As suggested, in the Introduction we have rephrased and shortened the third sentence concerning the description of the NK activatory receptors. We had added this sentence according to the suggestion of Reviewer 2 who asked for this paragraph. Therefore, we have tried to maintain a balance between the comments of the two We hope that the revision of this paragraph will satisfy both reviewers.

2) Line 237: Discuss in detail the therapeutic potential of targeting TAZ in neuroblastoma, including the potential use of TAZ inhibitors available. Add current literature highlighting targeting TAZ in NB (PMID 33347823).

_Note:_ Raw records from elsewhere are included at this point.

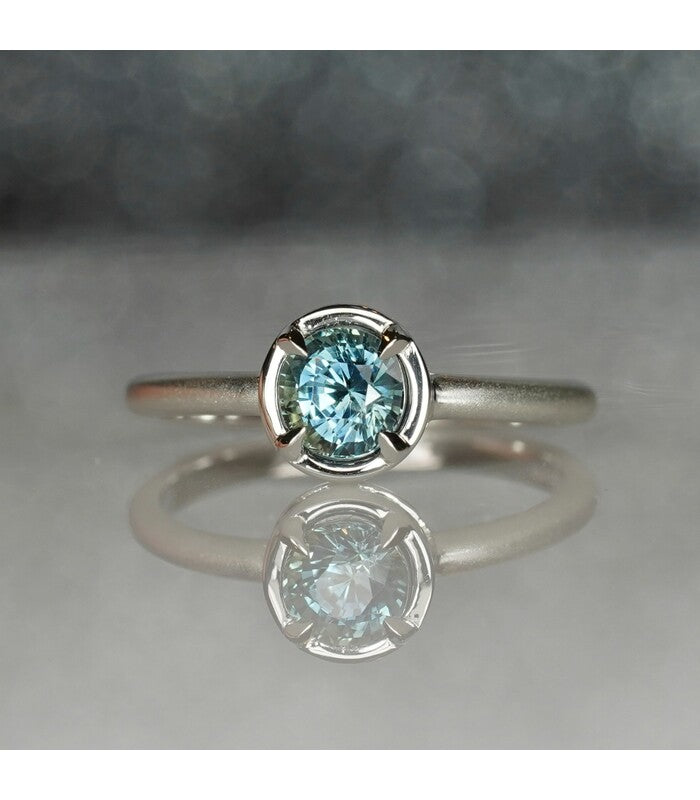 Elegant Teal Sapphire Single Stone Rings
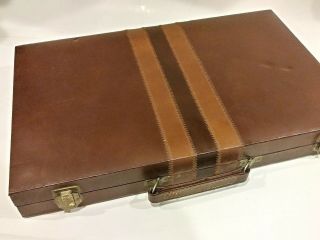 Vintage 70 ' s Skor - Mor Backgammon Game w/rules book Faux Leather Travel Case 6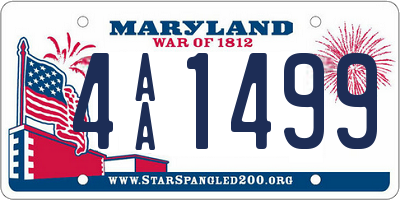 MD license plate 4AA1499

We thank the reviewer for the suggested reference that is very interesting and important concerning TAZ pharmacological targeting. As proposed, we have discussed more in detail the therapeutic potential of targeting TAZ in neuroblastoma citing the proposed reference that shows that the YAP/TAZ-TEAD inhibitor Verteporfin causes the elimination of the NB Tumor Initiating Cells. Our comment has been included in the paragraph Diagnostic and therapeutic perspectives of the NB section.

3) Add references in heading  TME of Wilms tumor (PMID: 27974111, PMID: 15246157)

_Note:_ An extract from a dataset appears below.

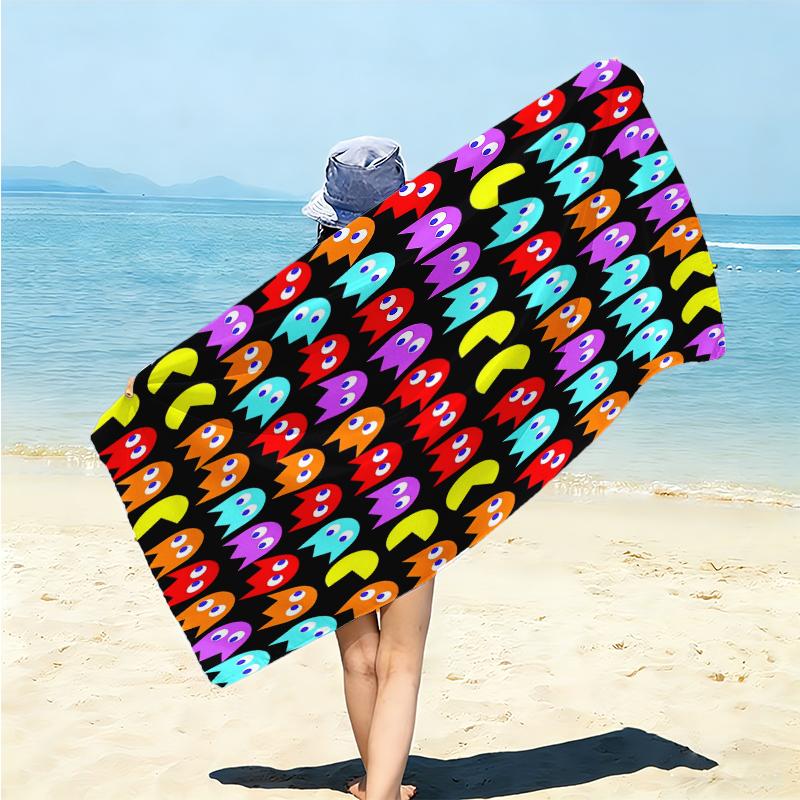 1Pc Pacman Classic Start Beach Towel Microfiber Beach Towel Thin Absorbent For Beach Swimming Yoga Bath Sports 091788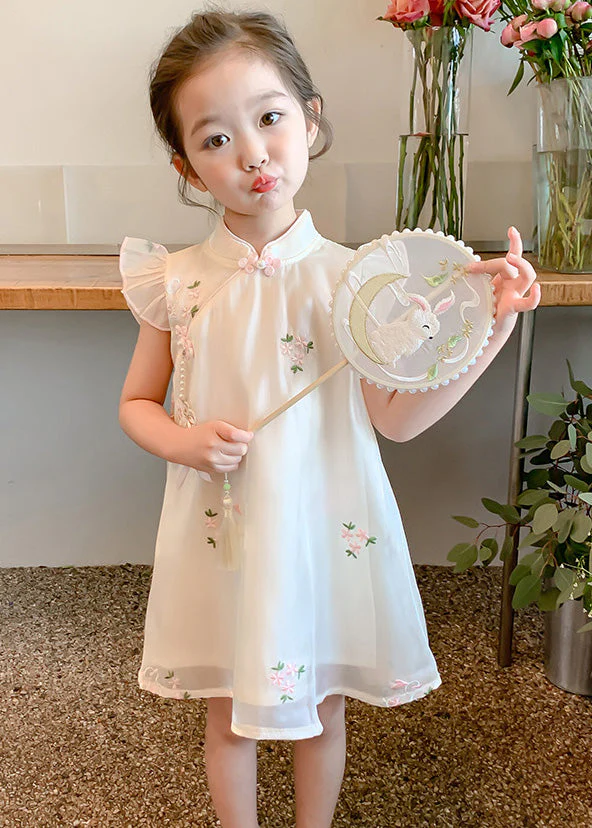 Elegant Beige Embroideried Button Tulle Girls Long Dresses Summer - Image 3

Following your suggestion we have cited reference (PMID: 27974111) adding a sentence of comment at the end of the heading General characteristics and tumor microenvironment of Wilms’ Tumor.

Concerning reference (PMID: 15246157), we preferred to add and comment this reference with a sentence that has been included in the heading Blastemal and epithelial primary cultures, at the end of the paragraph dedicated to WT primary cultures/NK cells interactions. Since the above-mentioned reference reports that  the co-culture of the  established WT cell line HFWT  with NK cells induces effects on their proliferation  and lytic function that are different from those that we have described, we thought that it was preferable comment the reference in this section of the manuscript.

 4) Line 382: Add references related to modulating M2 polarization strategies (PMID: 32983125, PMID: 28117416)

Thank you for this suggestion. We have added the references, slightly modifying the last sentence of the heading Diagnostic and therapeutic perspectives.